You can also use the QDS REST API to add Snowflake as a data store. For step-by-step instructions, see Adding a Snowflake Data Warehouse as a Data Store (in the Qubole Documentation).
You must be a QDS system administrator to add a data store.
You must have a Qubole Enterprise edition account.
The role used in the connection needs USAGE and CREATE STAGE privileges on the schema that contains the table that you will read from or write to via Qubole.
Preparing an External Location for Long-running Queries¶
If some of your jobs exceed 36 hours in length, consider preparing an external location to use to exchange data between Snowflake and Spark. For more information, see Preparing an External Location For Files.
Adding Snowflake as a Data Store in the QDS UI¶
From the Home menu, click Explore.
In the dropdown list on the Explore page, select + Add Data Store.
Enter the required information in the following fields:
Data Store Name: Enter the name of the data store to be created.
Database Type: Select ‘Snowflake’.
Catalog Name: Enter the name of the Snowflake catalog.
Database Name: Enter the name of the database in Snowflake where the data is stored.
Warehouse Name: Enter the name of the Snowflake virtual warehouse to use for queries.
Host Address: Enter the base URL of your Snowflake account (e.g.
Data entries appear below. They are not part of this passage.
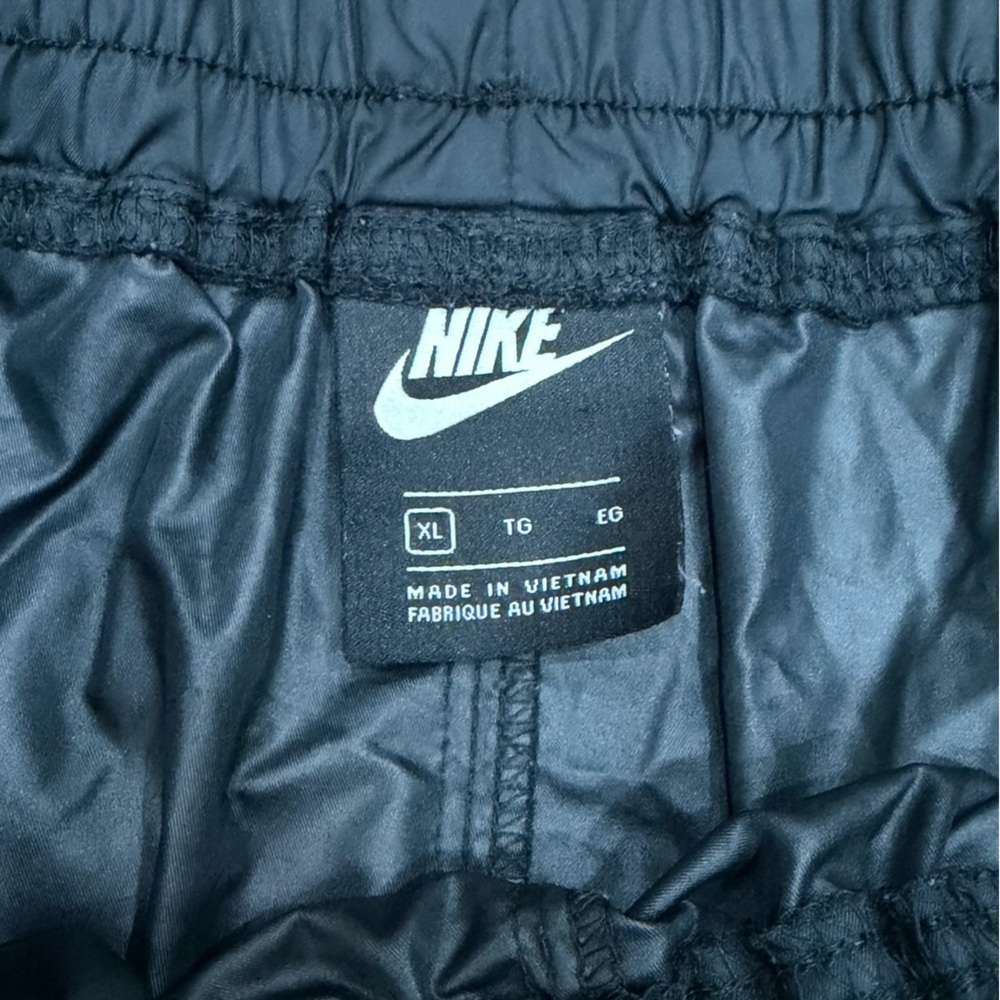 ✨ Nike Women’s NSW Cuffed Track Pants Black XL Tapered Leg White Swoosh - Picture 9 of 14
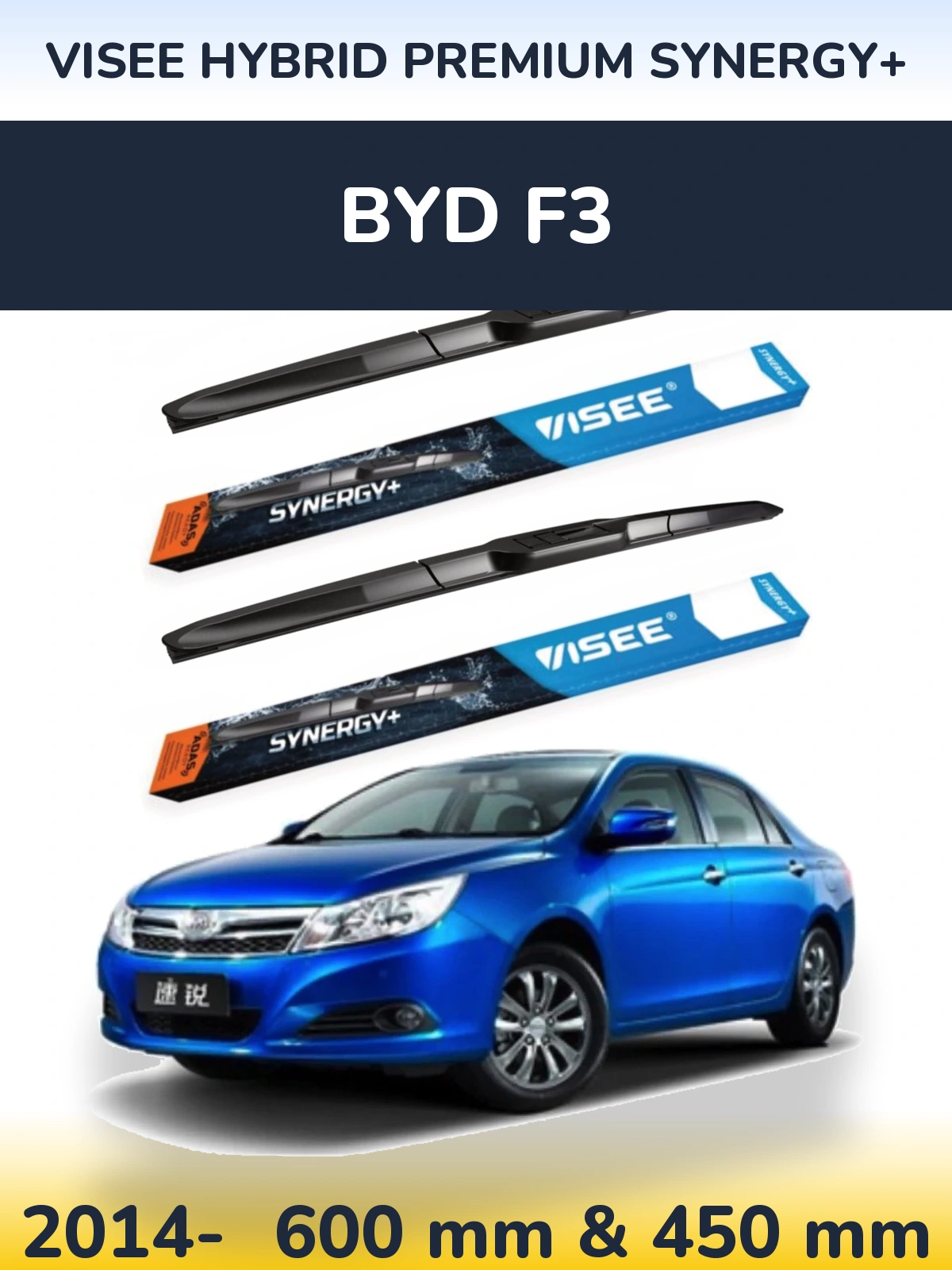 Sada předních stěračů VISEE HYBRID PREMIUM SYNERGY+ 600 a 450 mm pro BYD F3 2014-2026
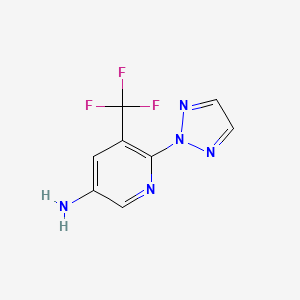 molecular formula C8H6F3N5 B2647345 6-(2H-1,2,3-三唑-2-基)-5-(三氟甲基)吡啶-3-胺 CAS No. 1832582-59-8
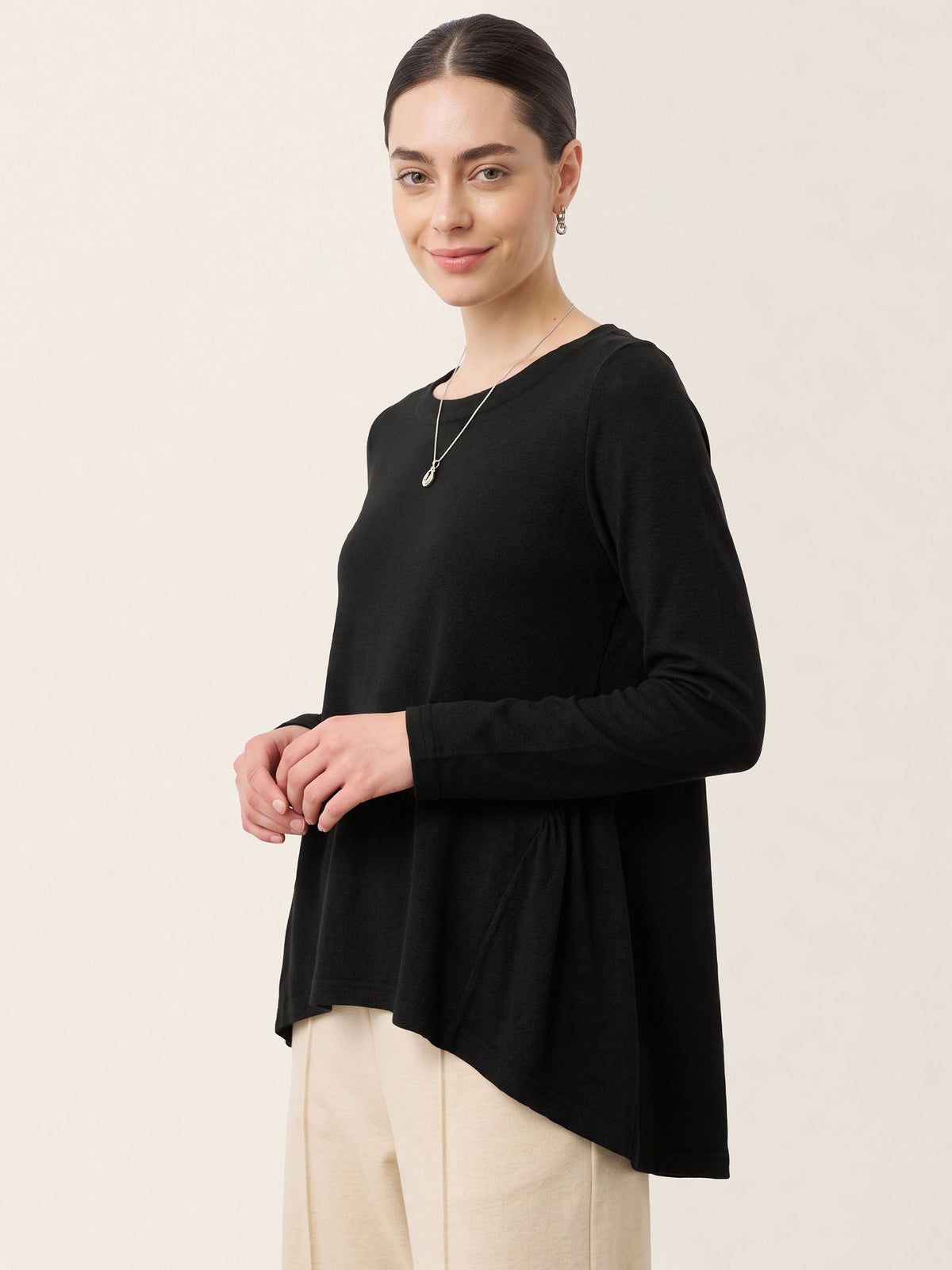 Wool Panelled Ruched Asymmetric Hem Top KALISTA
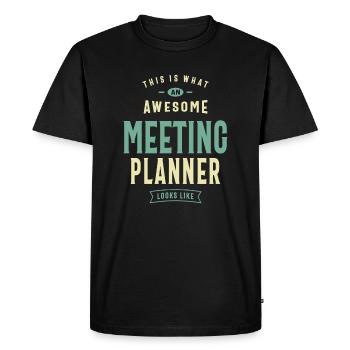 Meeting Planner - Men's Premium Organic T-Shirt - black - Front - Nico (187cm)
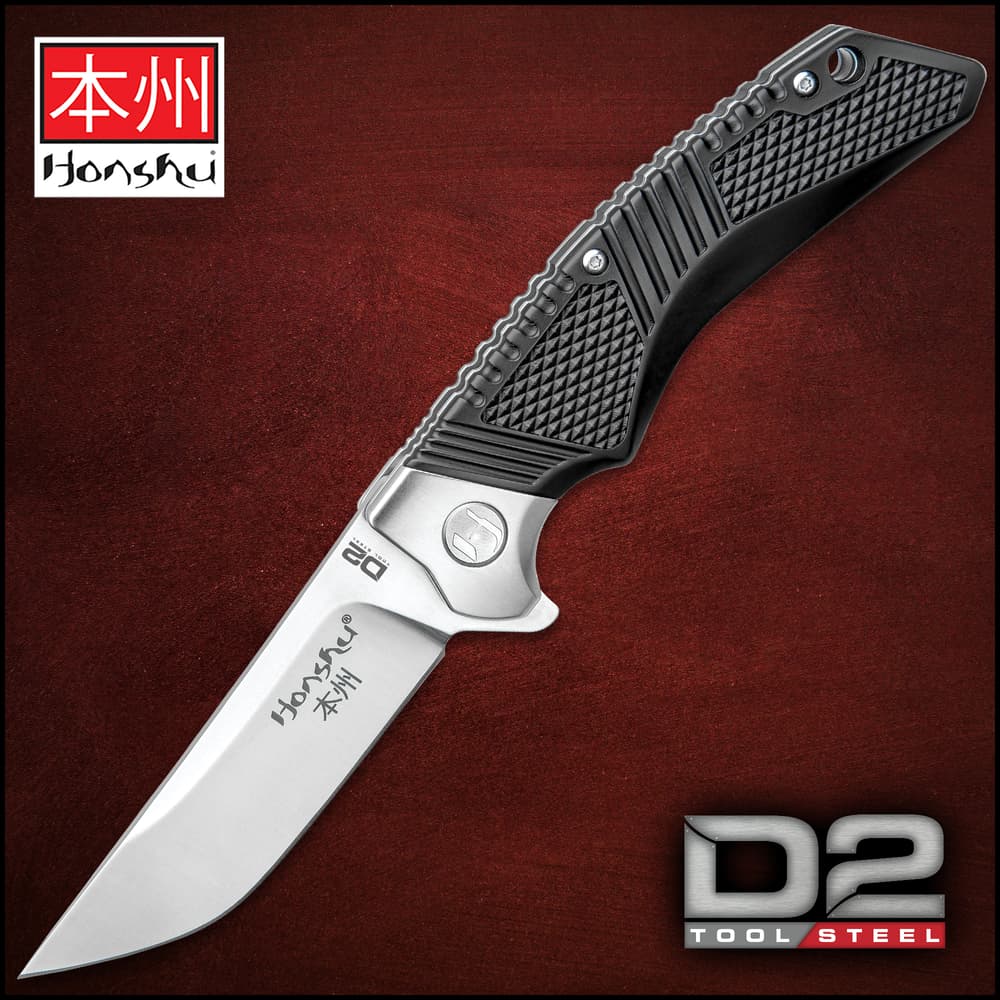 Honshu Premium Sekyuriti Ball Bearing Opening Pocket Knife - D2 Tool Steel Blade, TPU Handle Scales, Steel Pocket Clip image number 0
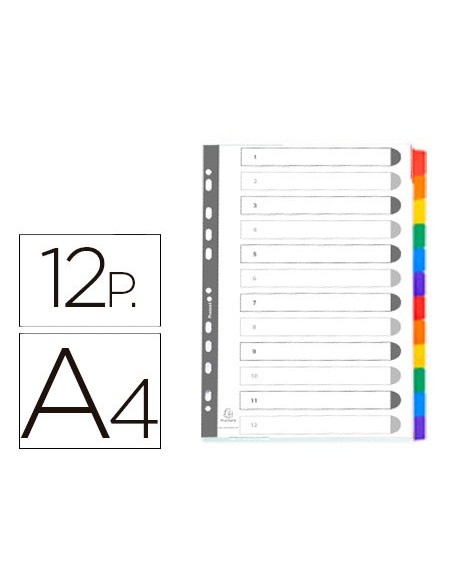 SEPARADOR EXACOMPTA CARTULINA JUEGO 12 SEPARADORES A4 MULTI.BLANCO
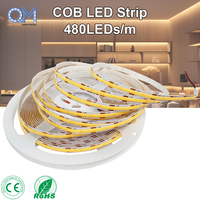 Tira de Luces LED COB Cortable de 20 m, 24 V, 480 LED, 8 mm, 10 W/m, Regulable, Flexible, Inteligente, con 3 Años de Garantía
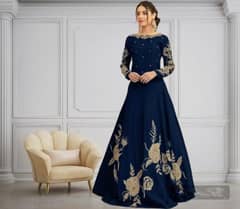 1 pcs women Stitched shamoze silk zari tilla  Embroidered maxi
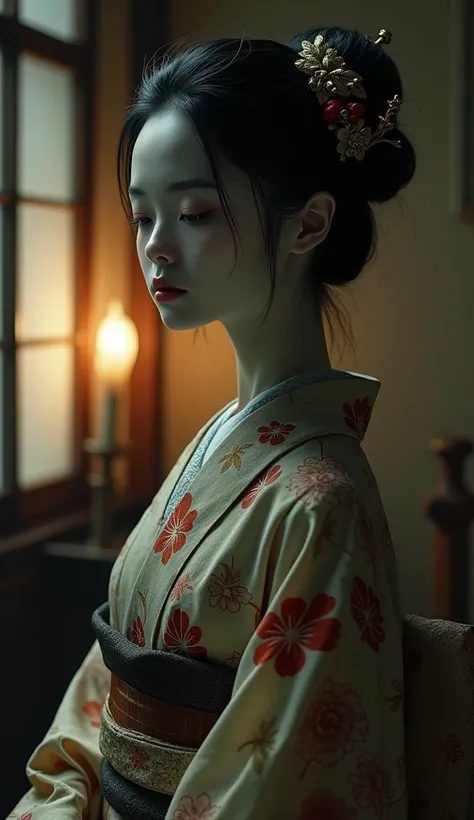  wears a gorgeous floral kimono that realistically depicts a potters wheel 。 and highlights the creepiness and enchanting atmosphere of her extended neck。She has white, smooth skin 、 The background is a room in a dim Japanese-style inn 、 curves like a snak...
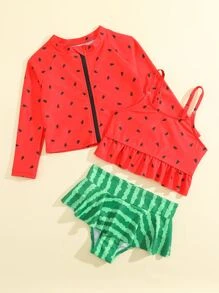 Young Girl Watermelon Print Ruffle Hem Bikini Set With Zipper Up Top Summer Beach - Multicolor - View 3
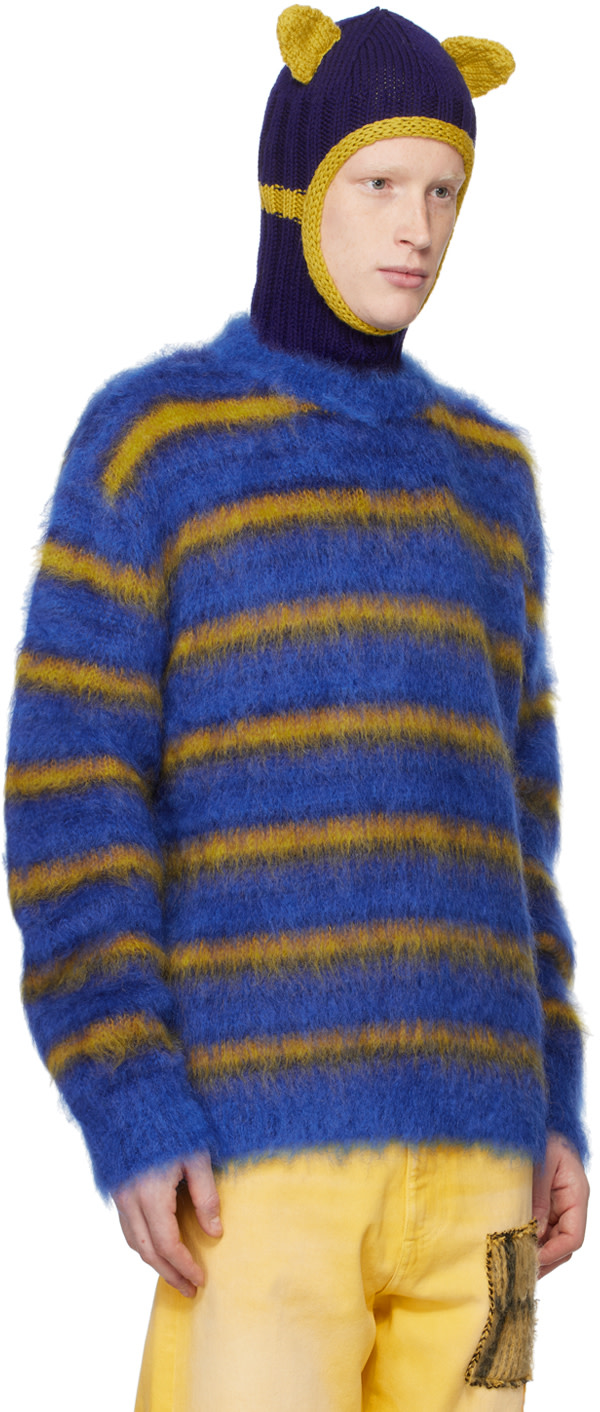 Marni - Pull bleu et jaune à rayures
myorganization-myaccount.snowflakecomputing.com). See Account Identifiers for details on specifying your account identifier in this URL.
Username: Enter the login name for your Snowflake user (used to connect to the host).
Password: Enter the password for your Snowflake user (used to connect to the host).
Note that all the values are case-sensitive, except for Host Address.
Click Save to create the data store.
Repeat these steps for each Snowflake database that you want to add as a data store. Or you can edit the data store to change the Snowflake database or any other properties for the data store (e.g. change the virtual warehouse used for queries).
After adding a Snowflake data store, restart the Spark cluster (if you are using an already-running Spark cluster). Restarting the Spark cluster installs the
.jar files for the Snowflake
Connector for Spark and the Snowflake JDBC Driver.
Verifying the Snowflake Data Store in Qubole¶
To verify that the Snowflake data store was created and has been activated, click on the dropdown list in the upper-left of the Explore page. A green dot indicates that the data store has been activated.
You should also verify that the table explorer widget in the left pane of the Explore page displays all of the tables in the Snowflake database specified in the data store.
Query Pushdown in Qubole¶
Spark queries benefit from Snowflake’s automatic query pushdown optimization, which improves performance. By default, Snowflake query pushdown is enabled in Qubole.
For more details about query pushdown, see Pushing Spark Query Processing to Snowflake (Snowflake Blog).